Я тоже думал о жизни, настоящей и будущей, о том, что юность уже прошла. Если бы не война, был бы на четвертом курсе Ленинградского военмеха, занимался бы интересным делом. Жизнь была бы замечательна! А так? Сколько дней потеряно зря, сколько интересных книг не прочитано! Эх, хорошо бы после войны встретиться с друзьями в Ленинграде, на Фонтанке, около института! "Впрочем, - подумалось, - это пустые фантазии. Выбраться отсюда вряд ли удастся". В душу закралась тревога, тишина показалась обманчивой, неестественной. Захотелось повидать Николая, поговорить с близким человеком. "Отпрошусь попозже, после обеда, и схожу в гости", - решил я.

Солнце начало припекать, но лежать в траве было приятно - ароматы земли и нагретых трав дурманили голову...

Около полудня слева от нас, на краю села, внезапно началась автоматная и ружейная стрельба. Мы кинулись по местам на огневые. Однако на нашем участке все оставалось спокойно: ни стрельбы, ни движения.

Бой шел на участке батареи Казаринова. Из-за густых деревьев окраина села просматривалась плохо, и толком ничего нельзя было понять. Вскоре раздались орудийные выстрелы. Стреляли наши сорокапятки, но не бронебойными и не осколочными снарядами - глухо рвалась картечь, потом послышались ручные гранаты. Наш комбат Гоменюк подал команду "К бою!", но мы и без того изготовились у своих орудий. Минут через пятнадцать стрельба внезапно прекратилась, и наступила тишина.

Позвонили из штаба дивизиона. Интересовались обстановкой на нашем участке и сообщили, что рота немцев, а точнее, мадьяр, просочилась через боевое охранение и внезапно атаковала первую батарею. Батарея атаку успешно отбила, даже потерь не имеет, а фрицев уложила много, подсчитывают. Я подумал, что "дача" Николая, действительно, оказалась опасной ловушкой. Этого следовало ожидать. Обошлось, ну и хорошо! Молодцы: не прозевали и не растерялись!

Прошло еще немного времени, не более пятнадцати минут, и немцы без всякой пристрелки выпустили по окраине села один за другим четыре осколочных снаряда. Я заметил даже, что один из них разорвался прямо на дереве. Видимо, врезался

взрывателем в толстую ветку. На этом обстрел закончился, и все утихло. Вообще, внезапные артналеты бывали почти ежедневно. Немцы стреляли издалека по давно пристрелянным реперам. К этому привыкли.

Мы подождали еще немного у своих пушек, услышали "Отбой!" и спустились в укрытие. Потом пообедали, покурили, "потравили баланду". Я отошел от укрытия, лег в траву и не заметил, как задремал. Вдруг меня накрыла тень надо мной стоял Гоменюк, бросились в глаза его начищенные сапоги.

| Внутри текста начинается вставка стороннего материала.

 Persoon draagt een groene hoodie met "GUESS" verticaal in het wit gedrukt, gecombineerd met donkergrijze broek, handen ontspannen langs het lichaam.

- Надо картечь получить, у нас мало. Вечером подвезут. От дороги сюда надо поднять на руках. Понял?

- Понял. Поднесем. Уложим в ниши.

- Да, вот еще. Я звонил в штаб. Сказали, что в первой батарее убит взводный. Твой друг он, что ли?

Я вскочил:

- Нет, нет. Там все живы. Передали, что потерь у них нет! Даже раненых!

- Сказали, что убит во время артналета. После атаки.

- Кто? Кто убит?

- Лейтенант Казаринов.

У меня перехватило дыхание, - эти слова оглушили:

- Комбат, я должен идти туда. Нужно. Сейчас.

- Ну иди, пока спокойно. А если что, бегом назад! Можешь взять кого-нибудь.

- Можно, я с вами, лейтенант? Я знаю вашего друга. Хорош человек, поднялся сидевший рядом Ковалев.

Он подхватил свой автомат, и мы быстрым шагом, почти бегом, спустились в долину, к селу. Там, в доме, было полутемно. На столе лежал Николай, молодой, красивый, будто только что уснувший. На лице застыла его обычная сдержанная, едва заметная улыбка. На побелевших щеках проступили веснушки. Я сжал его остывшие уже руки и долго стоял в оцепенении.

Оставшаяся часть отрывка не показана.